One of the classic problems in autonomous robotic navigation or actuation is to not impact both known and unknown objects. Known objects are things that are known a-priori to the installation to be encountered - such as tools, other machines, workers, equipment, and facilities. Unknown objects are things that may not be anticipated - or even things that are completely unknowable or never-before-seen.

For known objects, training an object detector is sufficient as this is a “positive” form of object detection: “Cat in the path, stop.” “Soccer ball in the path, stop.” etc.

But the most important thing in object avoidance is actually unknown unknown items.

To make up an example, imagine a person in some unknown form of occlusion where only part of a limb is visible while they are wearing clothing with a “flying taco squirrel” as the only visible portion to the perception system. Given that a “flying taco squirrel” is both unknown (as of this writing no such thing exists - but it could in the future) and the only visible portion of a human is this “flying taco squirrel” - there is no possible way that a “positive” form of object detection will be able to detect such an object. As a “positive” system requires being trained on the class of object - or at least a set of things that are similar-enough that a class-agnostic object detector can be used - neither of which are possible in this case. (And since we have no idea in the slightest what a "flying taco squirrel" would look like, we cannot guarantee any semblance of similarity. And worse, this is a "known unknown". The problem we want to be able to solve is the "unknown unknown".)

And this is where a “negative” object detection system is required in such generic obstacle avoidance scenarios. And a very effective technique is to use semantic segmentation of RGB, Depth, or RGB+Depth.
And in such a “negative” system, the semantic segmentation system is trained on all the surfaces that are not objects. So anything that is not that surface is considered an object - allowing the navigation to know it’s location and to take commensurate action (stop, go around, turn around, etc.).
Luxonis will use simulation here as well to train this semantic-depth-based “negative” object detection system. Luxonis has used this technique with success in many object avoidance applications including in significantly non-structured environments including public parks in the presence of the public.

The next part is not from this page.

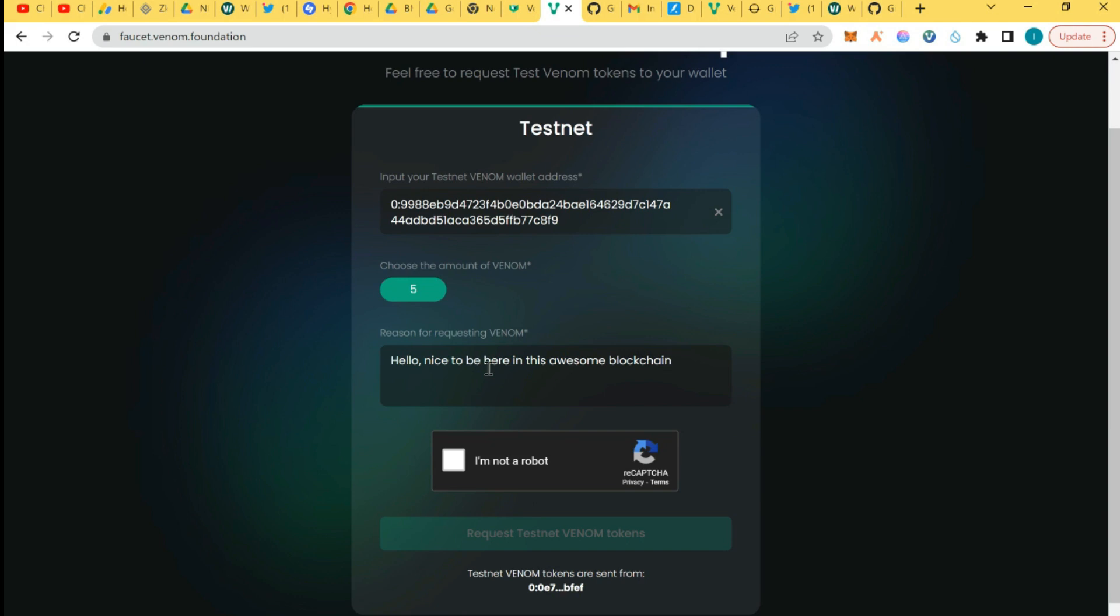Nice to be in this awesome blockchain. First, I really need the test tokens to complete all my tasks on the Venom. This is it.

Some public portions of that work are shared here: and examples of the simulation environment, and an example from that public talk is reproduced below:

It is worth nothing that this is real-world testing of a semantic depth system which was:

Trained only in simulation and tested on a real-world autonomous vehicle using OAK-D.
Trained only on 80 images (intentionally, to see how quickly the network converged)
Based on an internal semantic architecture which we developed for this purpose

As one can see, several objects that are VERY hard for traditional depth systems to pick up properly are picked up here, and properly labeled at 10+ FPS, including (red = object, green = traversable, blue = sky):

The chainlink fence.

a. The entire fence is properly segmented as an object that is not traversable. Chainlink fences are a canonical problem for every mechanism of depth sensing (stereo, ToF, LiDAR, structured light) etc. but are easily perceived by this semantic depth system.
The repeating pattern of the warehouse.
a. This is a canonical problem for stereo systems.

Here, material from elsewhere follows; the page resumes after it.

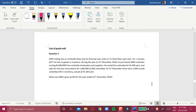Hi everyone, welcome to the session. In this video I am going to show you how to calculate gross profit through a trading account. Let's go through the question first, then we'll move on to the solution.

b. And much work has gone into trying to solve it (e.g. here).
c. Despite this, with only 80 synthetic images, this semantic depth is already identifying a large portion of the warehouse correctly.
The root beds around the trees.

a. Running over roots is one of the pernicious problems in this industry
b. And semantic depth quickly converged to properly labeling them as objects, despite only 80 training images from simulation

So for unknown-unknown, this sort of "negative" object detection is extremely valuable. As you don't need to have ever seen it before, you can just know it's not one of the safe things to drive over (or fly through, or swim through, etc.) and thereby avoid it or stop.

[Known] Object Detection

And best, the Semantic-Depth for unknown-unknown object detection can be combined with standard object detection of known objects, so both known objects can have pre-programmed behavior. E.g. like below for detecting a person and then following commands from that person:

Person detection
Source: https://github.com/geaxgx/depthai_hand_tracker

And in parallel, the robotic system can then not run into things that it doesn't understand or has never seen before.

Summary

Together, semantic depth + object detection, when run on with DepthAI can give unknown-unknown object detection/avoidance and known-object detection (and control) - with both given 3D results - so that the unknown-unknown object and known-objects have locations in physical space, which is incredibly important/necessary for safe robotic operation.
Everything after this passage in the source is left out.